Saks Fifth Avenue NORDSTROM - Celebrate the season's freshest trends at the NORDSTROM Beauty Trend Event.

Friday, December 2, 2011

Review: MAC Gareth Pugh 182 Square Handled Buffer Brush (Couture Limited Edition)


From Left to Right: MAC 182 Brush (2006 Couture Limited Edition), MAC Gareth Pugh 182 Brush (Couture Limited Edition), MAC 109 Brush (pictured just for size comparison)

MAC limited edition products usually sell like hot cakes; however, most of the products from their couture line are currently still available for purchase. I'm assuming it's because many people are turned off by the price. The regular 182 brush from their permanent line is $49.50 and the Gareth Pugh one is $60; however, I don't mind paying an extra $10.50 just for the special handle because the quality of the couture version is excellent and it looks more attractive than the regular version.

.
Pros:
  • feels teddy bear soft
  • bristles are densely packed
  • no shedding when used with powder products
  • no dye bleeding
  • no funky smell after a few washes
  • dries within 6 hours
  • ideal for buffing out over-applied products, such as blush
  • great for applying setting powder, bronzer, & mineral/powder foundation

Cons:
  • can be difficult to wash without getting the handle wet
  • price is $60
  • packaging is a little "cheap" (It comes in a plastic tube & is packaged in a thin paper box)
  • handle gets dirty easily with fingerprints

The brush fits nicely in a standard powder compact.
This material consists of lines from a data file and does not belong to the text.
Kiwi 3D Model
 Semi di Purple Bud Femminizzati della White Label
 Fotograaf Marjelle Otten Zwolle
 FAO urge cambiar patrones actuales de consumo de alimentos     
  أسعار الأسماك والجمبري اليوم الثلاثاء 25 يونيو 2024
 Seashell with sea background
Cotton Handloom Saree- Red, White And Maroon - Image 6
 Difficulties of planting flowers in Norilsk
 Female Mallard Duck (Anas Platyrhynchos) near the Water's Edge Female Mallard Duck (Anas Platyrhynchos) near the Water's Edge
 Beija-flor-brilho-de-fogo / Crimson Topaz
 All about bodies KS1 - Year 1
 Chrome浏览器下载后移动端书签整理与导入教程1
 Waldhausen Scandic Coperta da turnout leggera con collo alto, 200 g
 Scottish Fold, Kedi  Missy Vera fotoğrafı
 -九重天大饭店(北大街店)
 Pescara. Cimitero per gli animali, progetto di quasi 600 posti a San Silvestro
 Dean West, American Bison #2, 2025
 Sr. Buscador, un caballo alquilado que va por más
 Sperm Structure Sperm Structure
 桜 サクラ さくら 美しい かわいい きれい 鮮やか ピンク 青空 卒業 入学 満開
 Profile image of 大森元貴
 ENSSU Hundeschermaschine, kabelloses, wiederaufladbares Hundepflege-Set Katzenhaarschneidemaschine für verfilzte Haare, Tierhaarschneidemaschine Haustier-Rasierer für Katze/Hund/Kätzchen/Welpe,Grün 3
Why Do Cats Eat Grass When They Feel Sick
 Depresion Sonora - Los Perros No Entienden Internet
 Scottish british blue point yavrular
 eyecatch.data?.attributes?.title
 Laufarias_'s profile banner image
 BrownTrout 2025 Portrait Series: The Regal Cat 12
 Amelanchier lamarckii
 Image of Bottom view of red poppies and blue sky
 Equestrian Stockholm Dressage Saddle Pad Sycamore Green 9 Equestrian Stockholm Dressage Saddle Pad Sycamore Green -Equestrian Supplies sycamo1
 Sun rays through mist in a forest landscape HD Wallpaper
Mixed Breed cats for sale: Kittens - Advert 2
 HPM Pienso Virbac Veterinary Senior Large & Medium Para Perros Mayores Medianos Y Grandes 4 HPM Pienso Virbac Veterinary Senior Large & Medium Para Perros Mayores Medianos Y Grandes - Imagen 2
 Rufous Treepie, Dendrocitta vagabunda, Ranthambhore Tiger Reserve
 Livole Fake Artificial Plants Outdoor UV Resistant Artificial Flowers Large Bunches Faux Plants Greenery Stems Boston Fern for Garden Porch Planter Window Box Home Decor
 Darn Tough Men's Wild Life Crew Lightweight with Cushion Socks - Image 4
The bristles of the Gareth Pugh Square Handled Buffer brush are densely packed and feels luxuriously soft. It smelled like a dead animal when I got it; however, after a few washes, the stench is gone. I did not experience any shedding because it's constructed very well and I only use it for powder products. The brush is made from natural bristles; therefore, it is not ideal for applying liquid/cream products. (It will shed if you do.) 


Although the bristles are dense, it's not "too dense" for applying setting powder. I still get a light coverage and it doesn't give me a cakey finish. This brush is also great for buffing in mineral or powder foundation if you don't want heavy coverage. However, if you want better coverage, I recommend purchasing the Sephora #43 (full review) because the bristles are more densely packed. (Note: The denser the brush, the more coverage you'll get.) I also love using the Gareth Pugh brush to buff out over-applied blush. 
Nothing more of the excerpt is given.